The day after Christmas day 1996 it started snowing. Sounds nice, right, a white Christmas? The snow is usually wet and heavy in Seattle though, and as I remember it, a foot or more at that time. In the Portage Bay marina outside our living room window the roofs covering the boats collapsed and what was sheltered destroyed. The airport Seatac was closed for about 24 hours, the Metro bus system was down and there was practically no way to get from one place to another.

There were mudslides most everywhere, even in the city of Seattle. On my daily route from Downtown to Portage Bay that winter and spring I passed a couple of houses on an inclined lot with large cracks in their post modern concrete facade. I don’t know if the owners stayed in their homes or not. They felt like haunted houses. In the middle of the city.

What makes my heart still cramp though, is the house on the bluff that slided right into Puget sound. It was the home of a family who went to bed in the evening and were swallowed by the sea before dawn. The two children in the same age as Trouble & Trouble.

It rains in the state of Washington. A lot. And the geology doesn’t help. Layers of different kinds of soil on top of each other works like an avalanche when soaked with water, and the slide is a fact. There are opinions too that extensive clear cutting makes the situation worse.
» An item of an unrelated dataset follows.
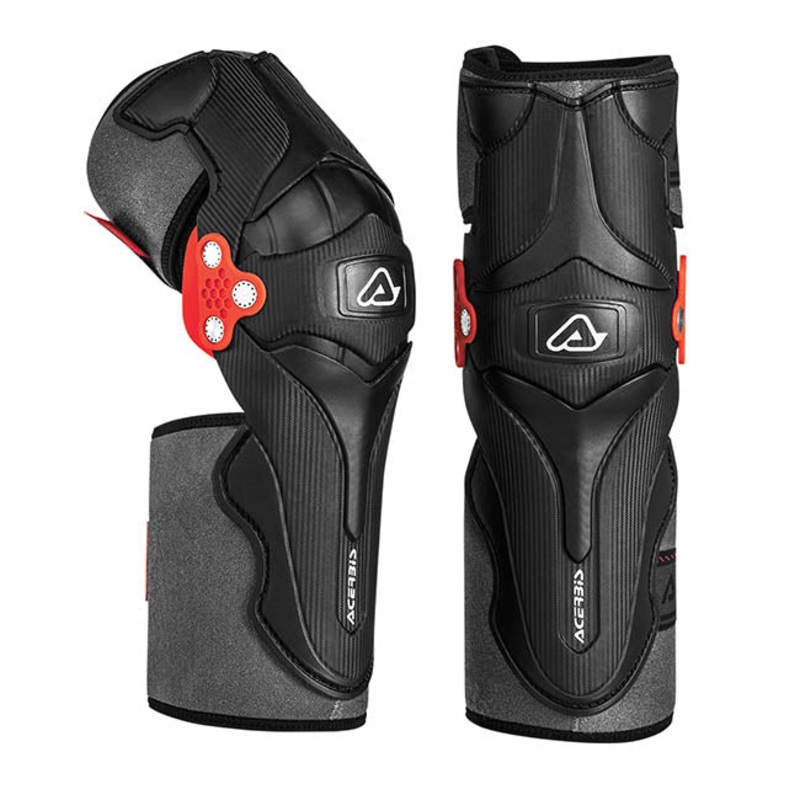 ACERBIS X-Strong Knee Guard *X-Strong Knee Guards Black Acerbis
Also, people all over this planet want to live close to water. We are drawn to water like thirsting creatures in a desert and therefor building our homes in risky places.

This wasn’t really the case near Oso though. The neighborhood was on the opposite side of the river from the hillside that slided. Yet it wasn’t safe. And now it’s gone.

http://seattletimes.com/flatpages/local/interactivebeforeandafterthe530mudslide.html

The search team of professionals and volunteers have been working with crowbars, shovels, probes and tools from dawn until the dusk turns dark for a week now. There is clay like quick sand up to their thighs. Whenever they find human remains, they stop, mark the spot with GPS, and the remains are eventually removed using helicopters. Sometimes, when finding somebody underneath a pile of logs, they buck everything out of the way, digging it out by hand rather than by machine. The condition of some of the bodies has added to the difficulty of making identifications, the slide hit with such force that often the rescuers are not recovering full, intact victims.
Also, the entire mudslide site is believed to be contaminated with household chemicals, diesel and propane from heating tanks, mineral oil from transformers, and flammable gas tanks. The horrible situation is like a war scene.
At the eruption of Mt. St. Helen’s in 1980 57 people died. The state’s deadliest natural disaster occurred on March 1, 1910, when an avalanche swept two passenger trains down a ravine near Stevens Pass, killing 96. It will probably be weeks until we know the death rate of the Oso mudslide. The neighborhoods along the North Fork of the Stillaguamish River were only 180 people. A small community facing a great loss and unbearable difficulties, now and for many years ahead. 
To state that a Facebook page would make a difference in this situation sounds silly. But I actually think it does. Snohomish County set one up 17 hours ago to help coordinate fundraising and relief efforts. There is a concert announced, a silent auction, different fundraisers and simply communication between people from near and far. 1493 people likes the page, increasing by the minute. Around eight times more than the population of the community, now sadly reduced with an unknown number.